また、今は晴れているので、気温はすぐに上がるだろう。
問題は地面が雪に覆われている事である。
雪上での行動は想定されていないため、足元のタイヤはスタッドレスではなくスリップの危険性が高い。
魔法技術による体制安定機構により転倒だけは回避できるが、移動能力は大幅に低下する。
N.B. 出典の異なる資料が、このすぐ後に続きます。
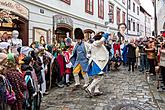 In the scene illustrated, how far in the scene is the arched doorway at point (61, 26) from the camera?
46.8ft

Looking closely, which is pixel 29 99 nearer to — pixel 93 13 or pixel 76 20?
pixel 76 20

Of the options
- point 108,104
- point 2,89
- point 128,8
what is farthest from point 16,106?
point 128,8

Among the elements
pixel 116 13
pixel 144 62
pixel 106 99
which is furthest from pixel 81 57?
pixel 116 13

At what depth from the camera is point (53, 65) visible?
9.32m

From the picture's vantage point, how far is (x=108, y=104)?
24.0 feet

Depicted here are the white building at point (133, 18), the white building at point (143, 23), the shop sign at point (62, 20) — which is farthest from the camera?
the white building at point (143, 23)

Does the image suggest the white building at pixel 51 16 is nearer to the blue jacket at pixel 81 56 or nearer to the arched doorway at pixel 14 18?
the arched doorway at pixel 14 18

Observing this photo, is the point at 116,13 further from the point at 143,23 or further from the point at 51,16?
the point at 143,23

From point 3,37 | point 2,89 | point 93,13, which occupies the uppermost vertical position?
point 93,13

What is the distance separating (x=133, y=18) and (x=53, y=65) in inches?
Result: 1222

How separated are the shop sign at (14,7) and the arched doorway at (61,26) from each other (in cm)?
309

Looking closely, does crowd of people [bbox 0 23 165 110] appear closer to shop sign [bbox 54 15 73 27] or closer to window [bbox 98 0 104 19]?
shop sign [bbox 54 15 73 27]

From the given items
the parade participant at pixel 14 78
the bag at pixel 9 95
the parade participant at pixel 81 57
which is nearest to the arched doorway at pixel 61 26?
the parade participant at pixel 81 57

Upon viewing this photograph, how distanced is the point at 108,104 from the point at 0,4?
4904 mm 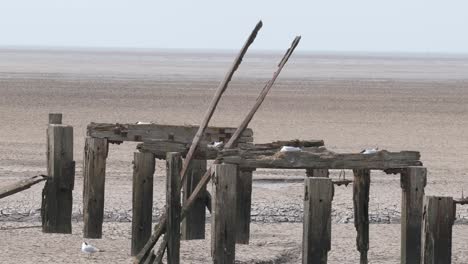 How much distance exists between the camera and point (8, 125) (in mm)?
30594

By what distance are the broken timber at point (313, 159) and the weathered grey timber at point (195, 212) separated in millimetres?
2276

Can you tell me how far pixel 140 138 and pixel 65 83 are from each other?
4231 cm

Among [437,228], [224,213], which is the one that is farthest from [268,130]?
[437,228]

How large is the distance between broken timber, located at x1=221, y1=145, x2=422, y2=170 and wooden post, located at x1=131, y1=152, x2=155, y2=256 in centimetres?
133

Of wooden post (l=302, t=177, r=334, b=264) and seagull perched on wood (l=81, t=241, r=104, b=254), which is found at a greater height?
wooden post (l=302, t=177, r=334, b=264)

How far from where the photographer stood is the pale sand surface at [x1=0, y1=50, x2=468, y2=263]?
15.5m

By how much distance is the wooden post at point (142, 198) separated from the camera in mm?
13344

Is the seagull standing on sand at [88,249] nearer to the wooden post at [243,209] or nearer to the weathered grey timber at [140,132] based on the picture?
the weathered grey timber at [140,132]

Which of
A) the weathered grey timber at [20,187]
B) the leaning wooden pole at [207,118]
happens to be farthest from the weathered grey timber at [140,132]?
the leaning wooden pole at [207,118]

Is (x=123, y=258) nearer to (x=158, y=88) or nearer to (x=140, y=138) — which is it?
(x=140, y=138)

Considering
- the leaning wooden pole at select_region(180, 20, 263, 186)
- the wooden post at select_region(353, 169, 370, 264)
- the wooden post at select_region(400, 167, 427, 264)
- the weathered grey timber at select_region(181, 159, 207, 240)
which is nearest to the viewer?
the wooden post at select_region(400, 167, 427, 264)

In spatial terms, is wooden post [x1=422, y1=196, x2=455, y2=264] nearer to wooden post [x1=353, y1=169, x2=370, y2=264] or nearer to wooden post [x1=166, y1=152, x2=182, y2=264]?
wooden post [x1=353, y1=169, x2=370, y2=264]

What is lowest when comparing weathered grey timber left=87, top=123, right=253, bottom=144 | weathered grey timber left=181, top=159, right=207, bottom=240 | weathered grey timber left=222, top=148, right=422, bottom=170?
weathered grey timber left=181, top=159, right=207, bottom=240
そして、目の前にいる人間の顔は、彼のブラックリストにもホワイトリストにも含まれない。
つまり、この人間は彼が知らない人物だ。
これらの情報から導き出した答えは・・・
god@QWERTY2003> FINISH HER!
すぐに殺害するのが安全かつ確実。
危険人物であれば隙を見せれば破壊される可能性があり、雪上では逃げるのもままならない。
この間、わずか2秒。
そこからブレードを相手の頭上に動かして振り下ろすまで1秒。
一般人なら回避するのは不可能だ。
目の前の相手もその例に漏れず、一歩も動かない。
しかし彼女は動けなかったのではない。
「虐めてくれるのー?わーい♪」
痛みという快楽を求めて、「動かなかった」のだ。
グシャアッ
QWERTY2003のブレードが、カレンの肩から下腹部までを切り裂き、
鮮血が雪原を真っ赤に染める。
「あっ、あ・・・あれ・・・?」
足元がふらつき、目が霞む。
多少のダメージは全く気にしない彼女でも、
ここまで深い傷と出血は、さすがに辛いようだ。
ドサッ
立っていられなくなって、雪の中に倒れこむ。
その冷たさを身に感じながら、彼女の意識は薄れていった。